WHAT YOU NEED TO DO -
Extract the records in full, leaving every picture out.

*** MATERIAL SUPPLIED Section Begins ***

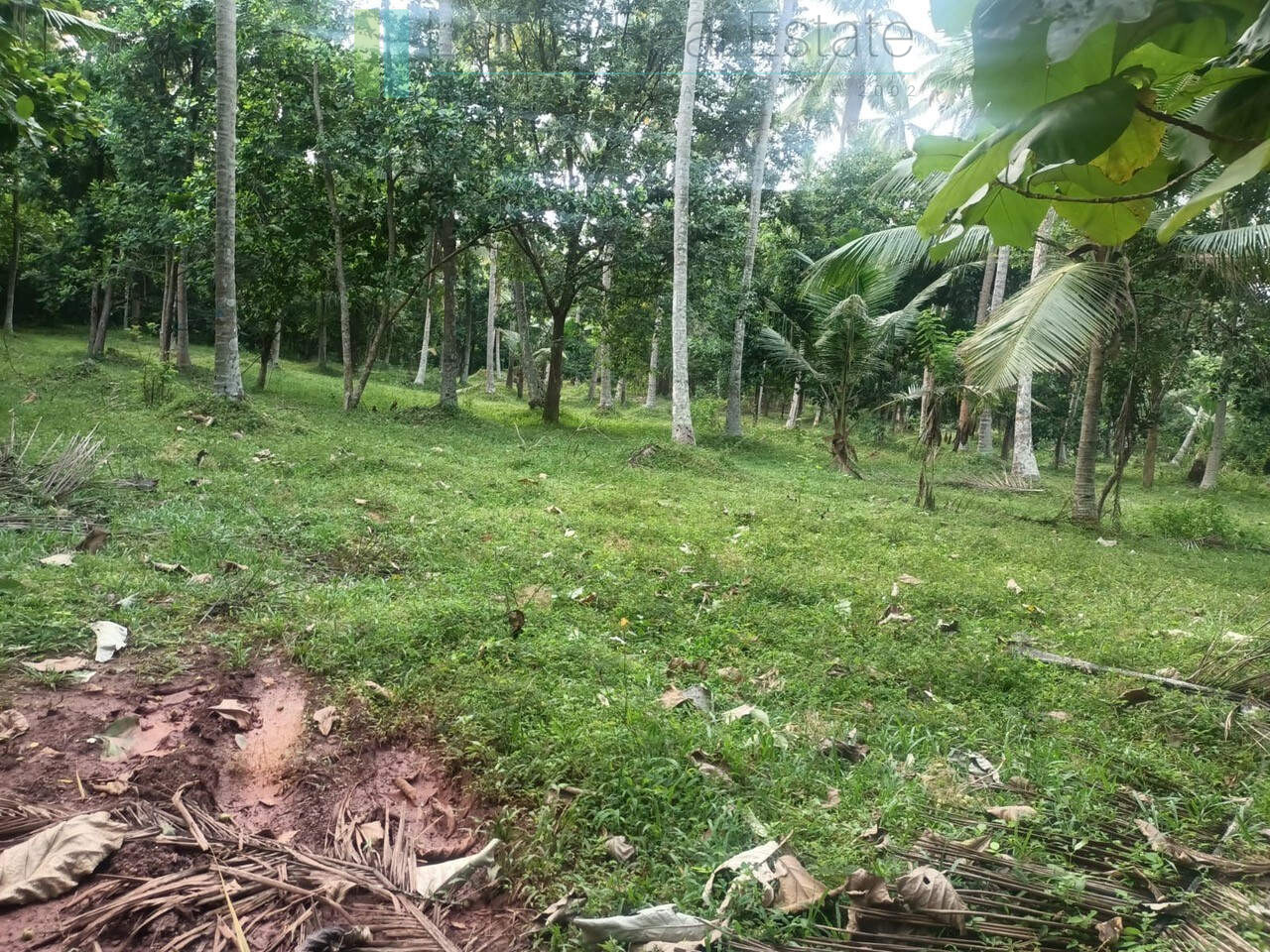 Huge plot with potential in the Negombo area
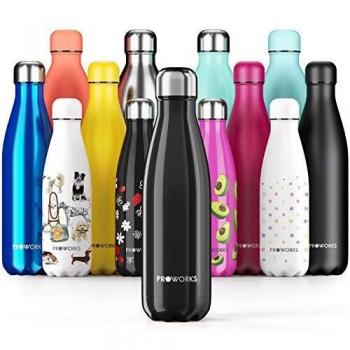 Proworks 500ml Stainless Steel Water Bottle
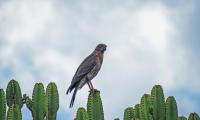 Sparrowhawk Bird Cacti Plants Wildlife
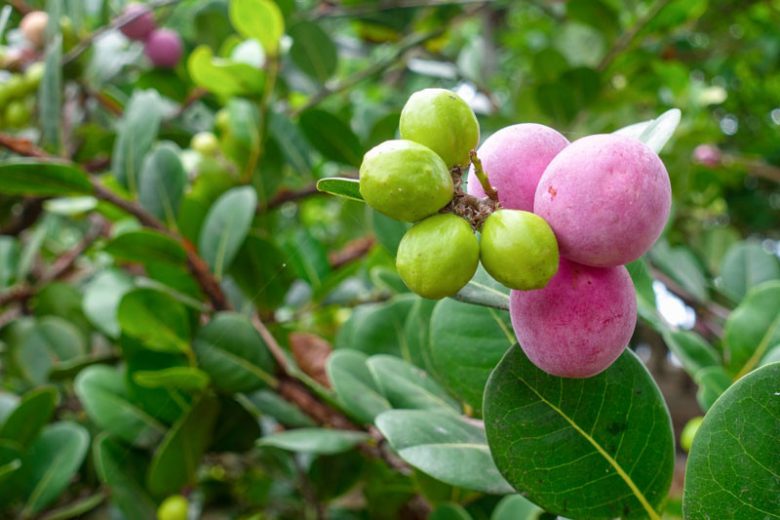 Chrysobalanus icaco, Icaco Coco Plum, Icaco Coco-plum, Florida Native Shrub, Evergreen Shrub,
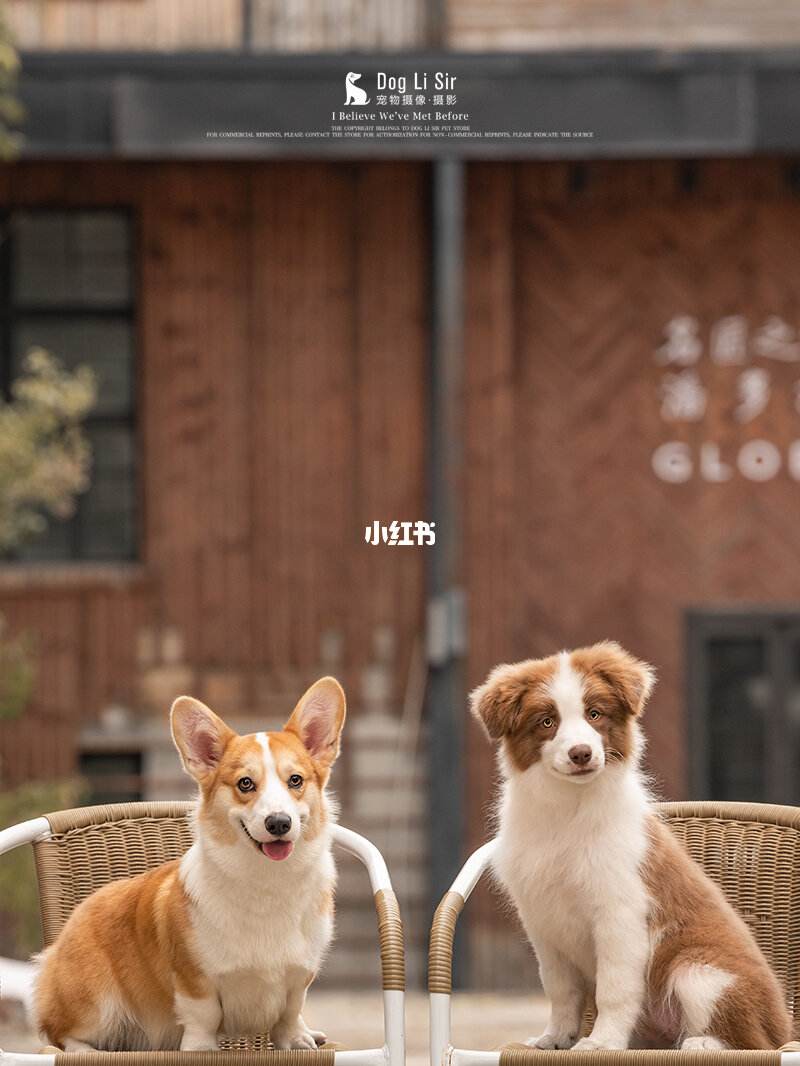 上海宠物节可以带狗吗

*** MATERIAL SUPPLIED Section Ends ***

TASK ANSWER -
 Huge plot with potential in the Negombo area
 Proworks 500ml Stainless Steel Water Bottle
 Sparrowhawk Bird Cacti Plants Wildlife
 Chrysobalanus icaco, Icaco Coco Plum, Icaco Coco-plum, Florida Native Shrub, Evergreen Shrub,
 上海宠物节可以带狗吗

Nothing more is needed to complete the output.